• The task
Apart from the images, the records below need to be copied exactly.
------ Data for this exercise
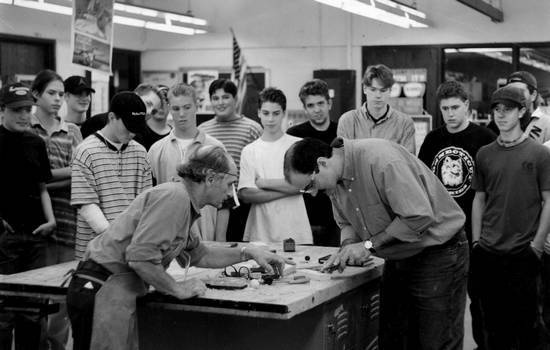 Иллюстрация к книге — Уроки искусного резчика. Вырезаем из дерева фигурки людей и животных, посуду, статуэтки [i_320.jpg]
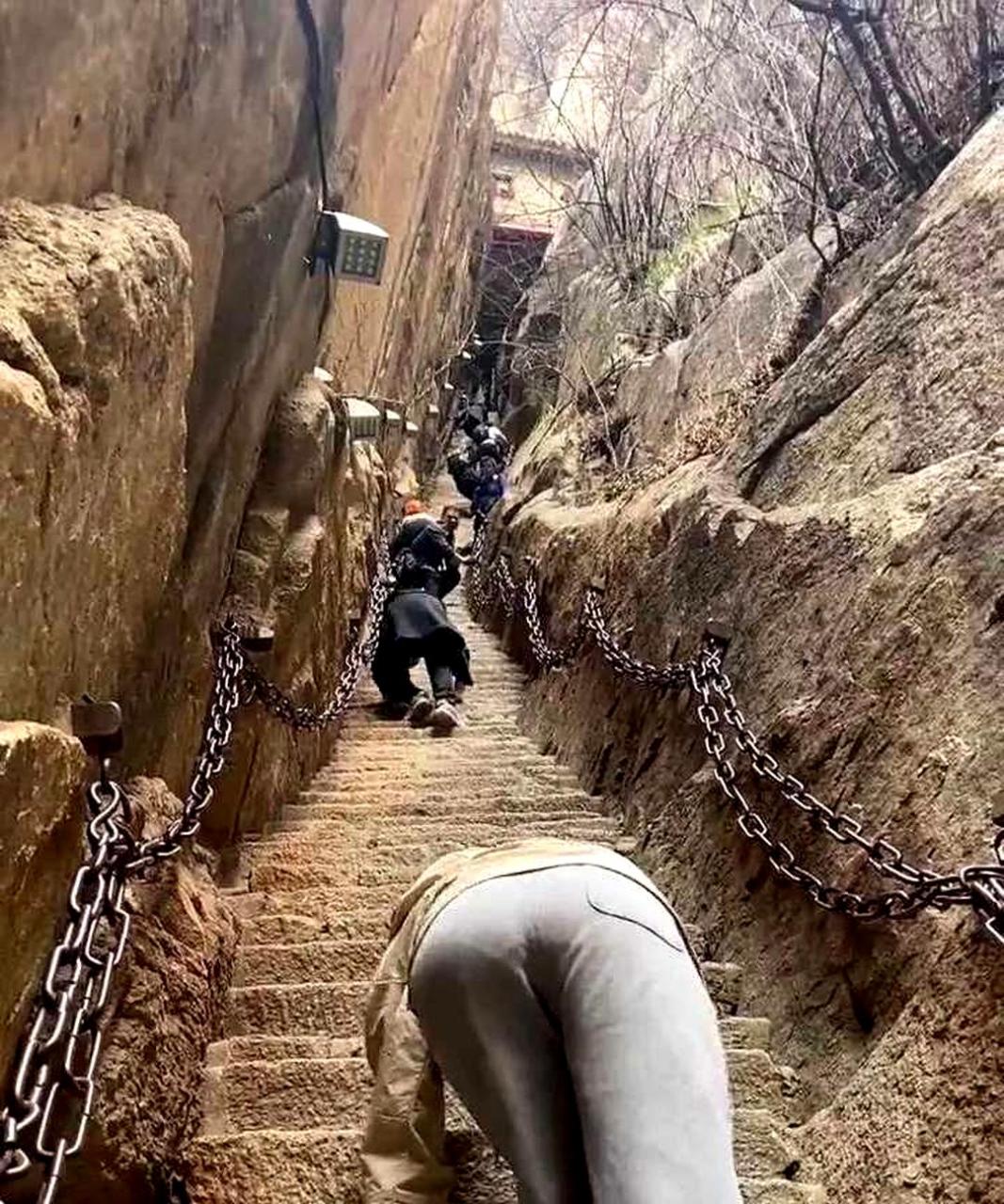 正确的爬泰山姿势是什么?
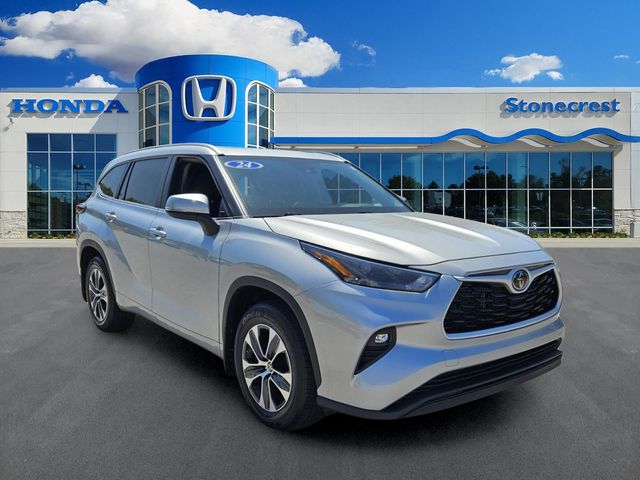 Celestial Silver Metallic 2024 Toyota Highlander SUV / Crossover Front-Wheel Drive 8-Speed Automatic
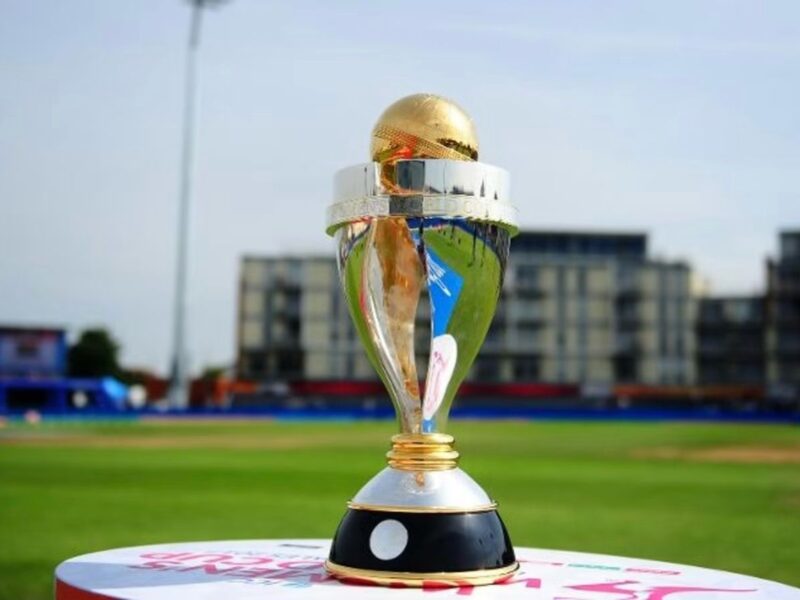 Women's World Cup 2025 is here: Heinrich Klaasen has expressed his support for women's teams, and 1xBet gives away Apple gadgets 1
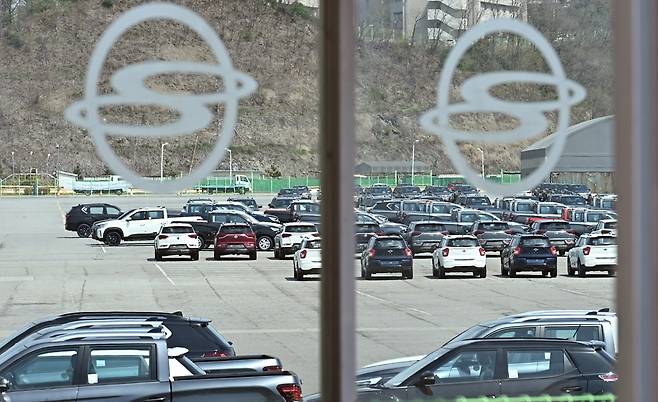 에디슨모터스가 쌍용차 인수 우선협상대상자로 선정됐다. 사진은 쌍용차 평택 출고센터. /사진=뉴시스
------------
• Response area
 Иллюстрация к книге — Уроки искусного резчика. Вырезаем из дерева фигурки людей и животных, посуду, статуэтки [i_320.jpg]
 正确的爬泰山姿势是什么?
 Celestial Silver Metallic 2024 Toyota Highlander SUV / Crossover Front-Wheel Drive 8-Speed Automatic
 Women's World Cup 2025 is here: Heinrich Klaasen has expressed his support for women's teams, and 1xBet gives away Apple gadgets 1
 에디슨모터스가 쌍용차 인수 우선협상대상자로 선정됐다. 사진은 쌍용차 평택 출고센터. /사진=뉴시스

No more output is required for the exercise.